#### [Exercise materials]
• • • • • • •

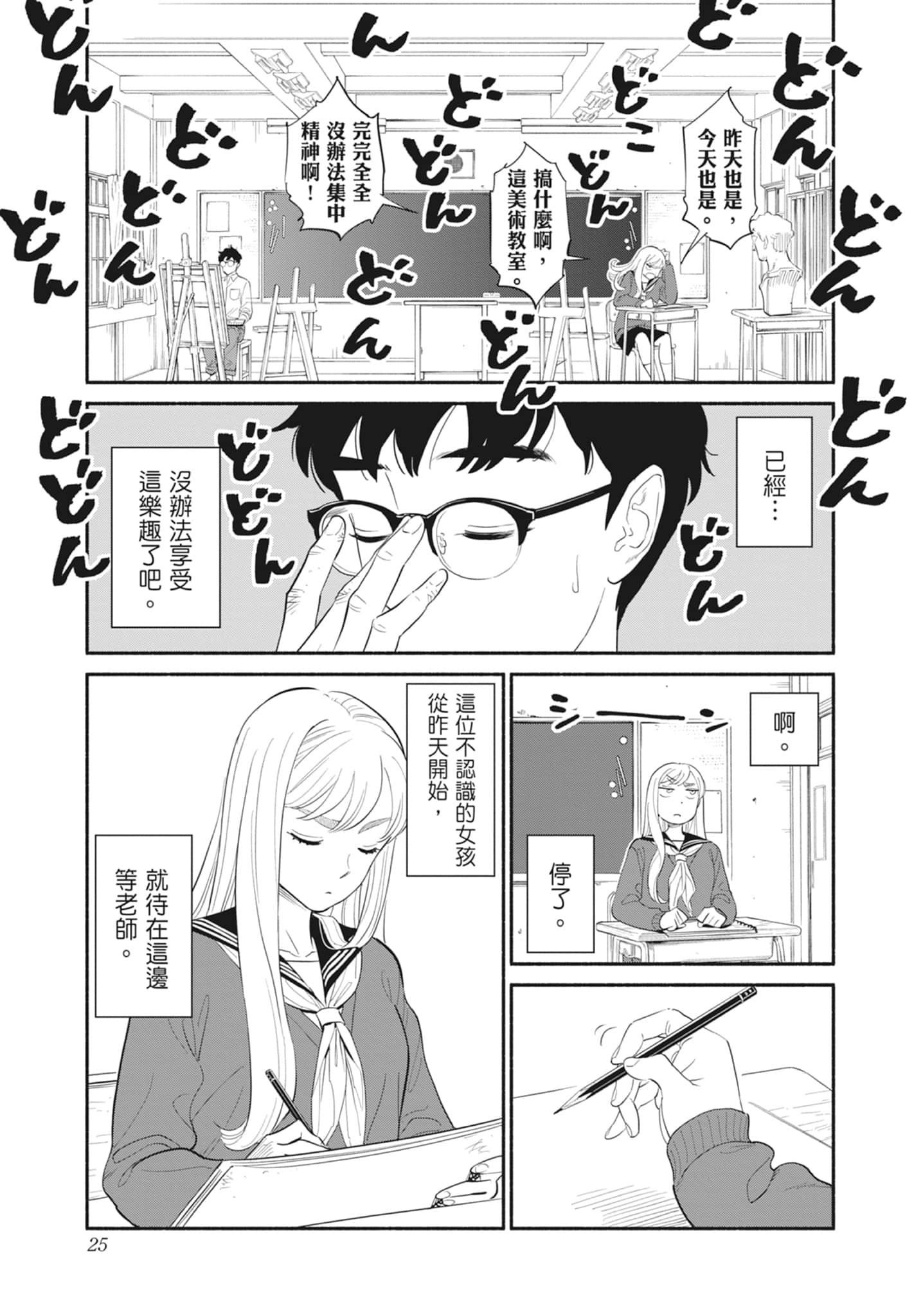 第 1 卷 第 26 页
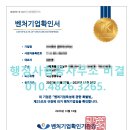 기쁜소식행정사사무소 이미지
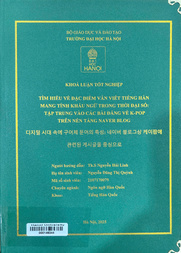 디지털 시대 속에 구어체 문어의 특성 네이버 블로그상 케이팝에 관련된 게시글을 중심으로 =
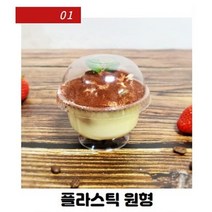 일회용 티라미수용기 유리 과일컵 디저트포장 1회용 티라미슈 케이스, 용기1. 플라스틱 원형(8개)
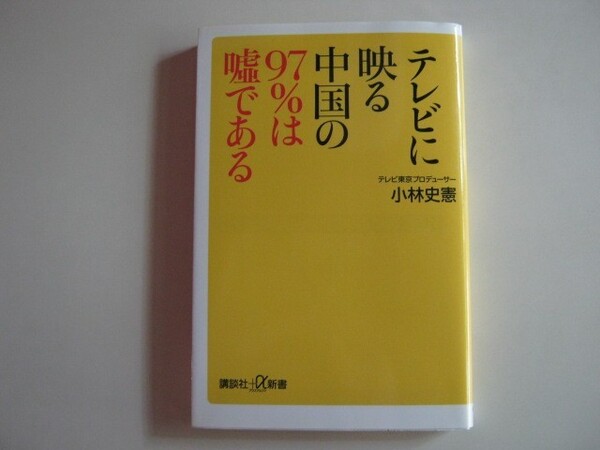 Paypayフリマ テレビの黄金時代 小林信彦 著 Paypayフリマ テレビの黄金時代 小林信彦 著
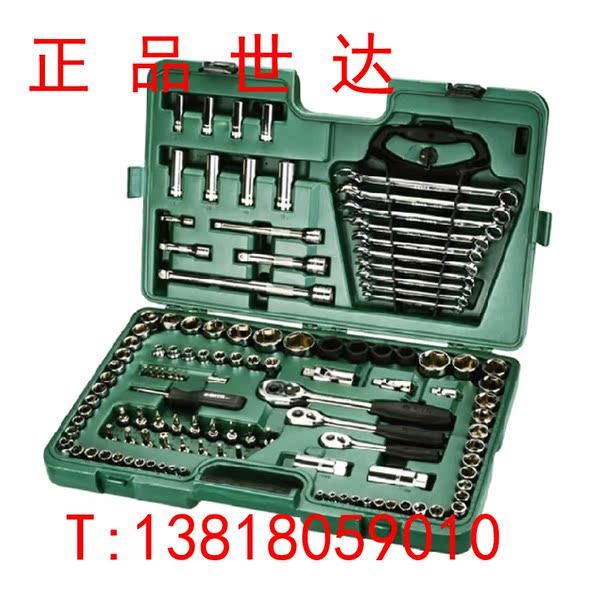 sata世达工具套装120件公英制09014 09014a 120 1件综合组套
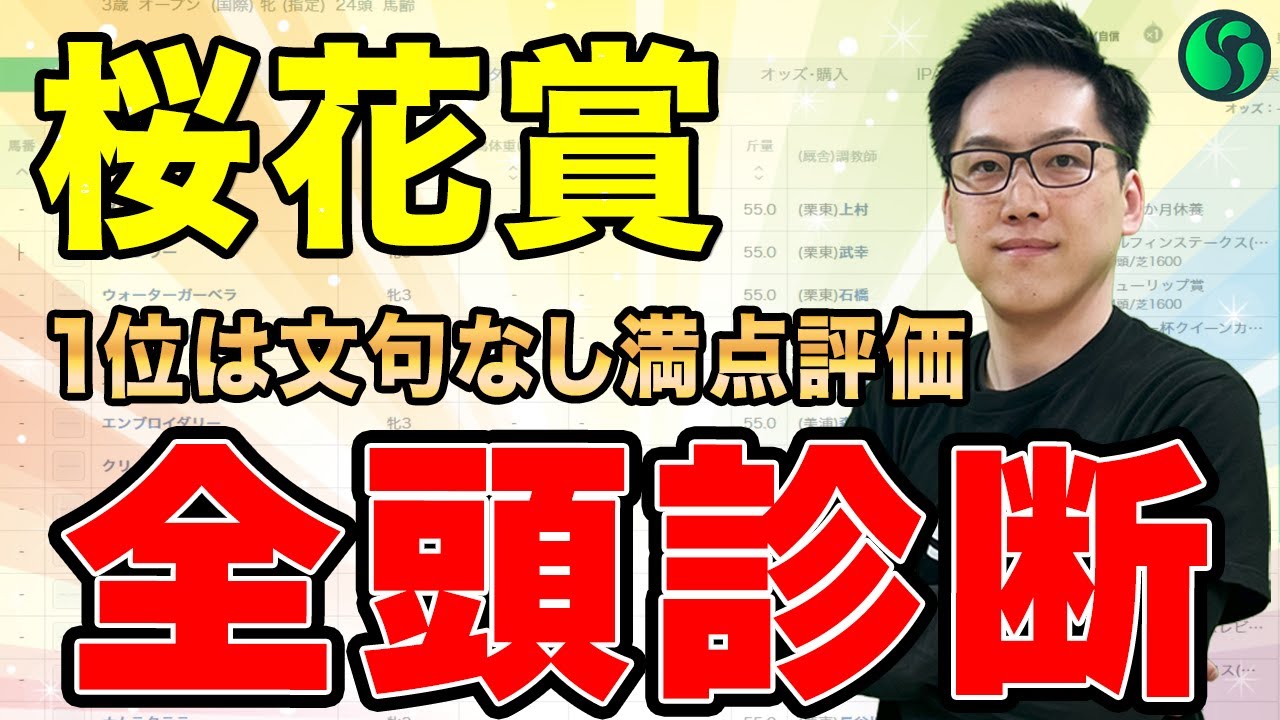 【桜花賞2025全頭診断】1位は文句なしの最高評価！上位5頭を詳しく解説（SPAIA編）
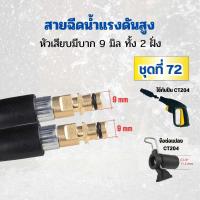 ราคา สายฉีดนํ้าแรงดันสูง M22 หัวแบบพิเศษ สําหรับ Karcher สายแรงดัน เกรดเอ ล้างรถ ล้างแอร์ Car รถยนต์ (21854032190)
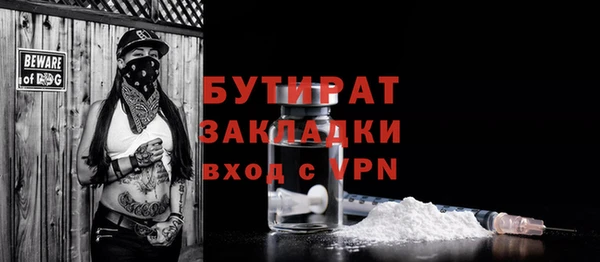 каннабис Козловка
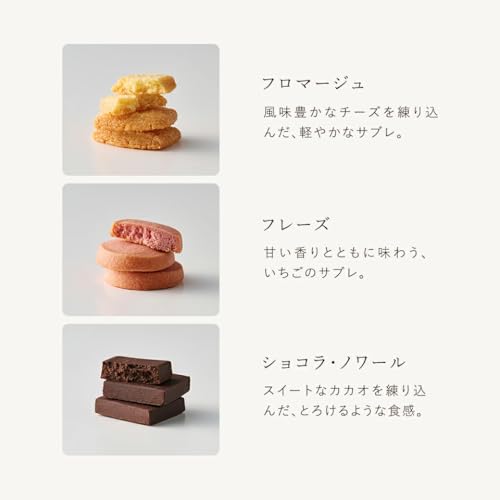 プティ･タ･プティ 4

• • • • • • •

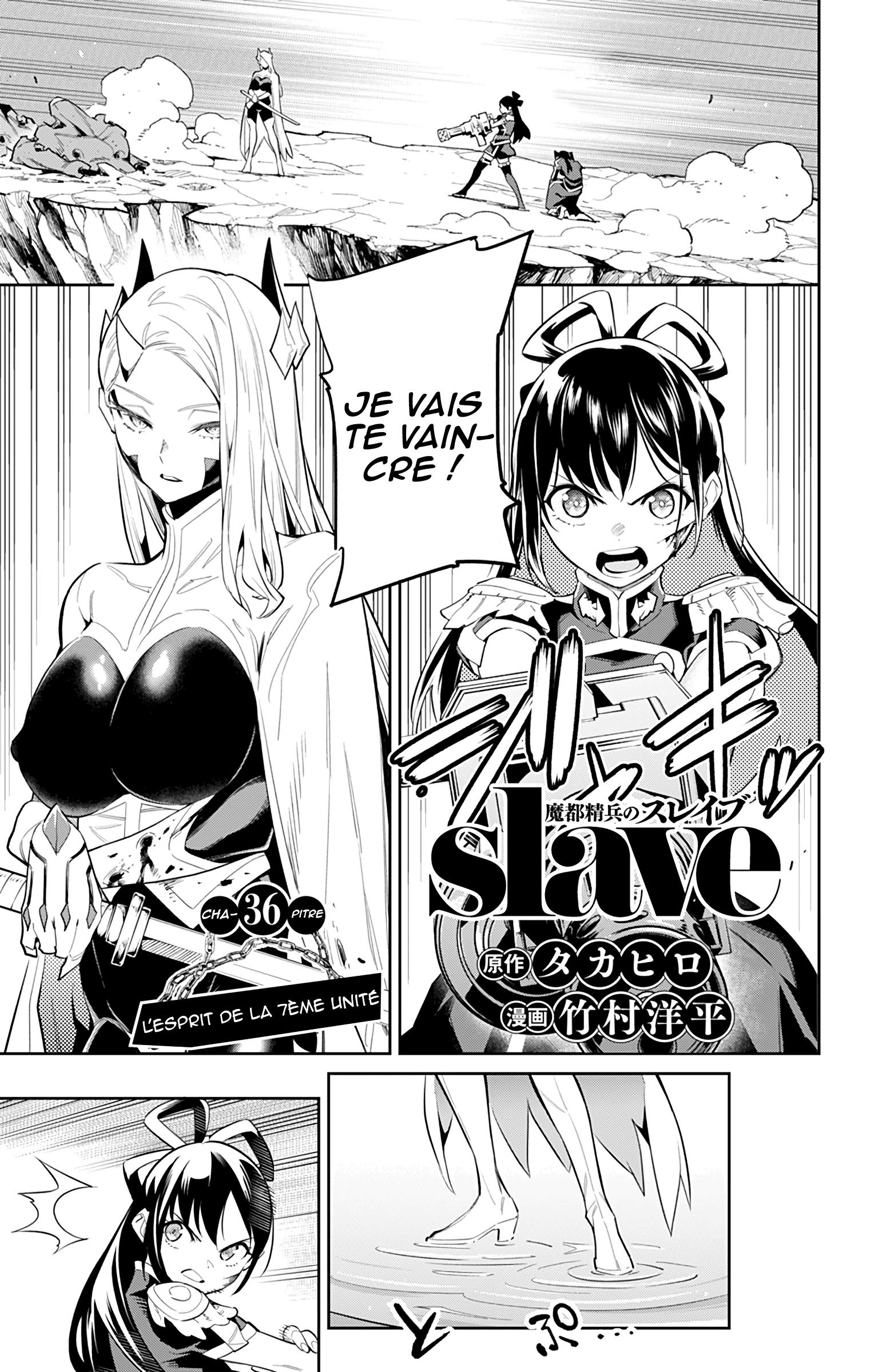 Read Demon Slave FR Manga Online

• • • • • • •

Above are records; write out the lines from the one with "第 1 卷 第 26 页" down to the one with "プティ･タ･プティ 4", exactly, leaving the pictures out.

#### [Solved exercise]
 第 1 卷 第 26 页
 기쁜소식행정사사무소 이미지
 디지털 시대 속에 구어체 문어의 특성 네이버 블로그상 케이팝에 관련된 게시글을 중심으로 =
 일회용 티라미수용기 유리 과일컵 디저트포장 1회용 티라미슈 케이스, 용기1. 플라스틱 원형(8개)
 Paypayフリマ テレビの黄金時代 小林信彦 著 Paypayフリマ テレビの黄金時代 小林信彦 著
 sata世达工具套装120件公英制09014 09014a 120 1件综合组套
 【桜花賞2025全頭診断】1位は文句なしの最高評価！上位5頭を詳しく解説（SPAIA編）
 ราคา สายฉีดนํ้าแรงดันสูง M22 หัวแบบพิเศษ สําหรับ Karcher สายแรงดัน เกรดเอ ล้างรถ ล้างแอร์ Car รถยนต์ (21854032190)
 каннабис Козловка
 プティ･タ･プティ 4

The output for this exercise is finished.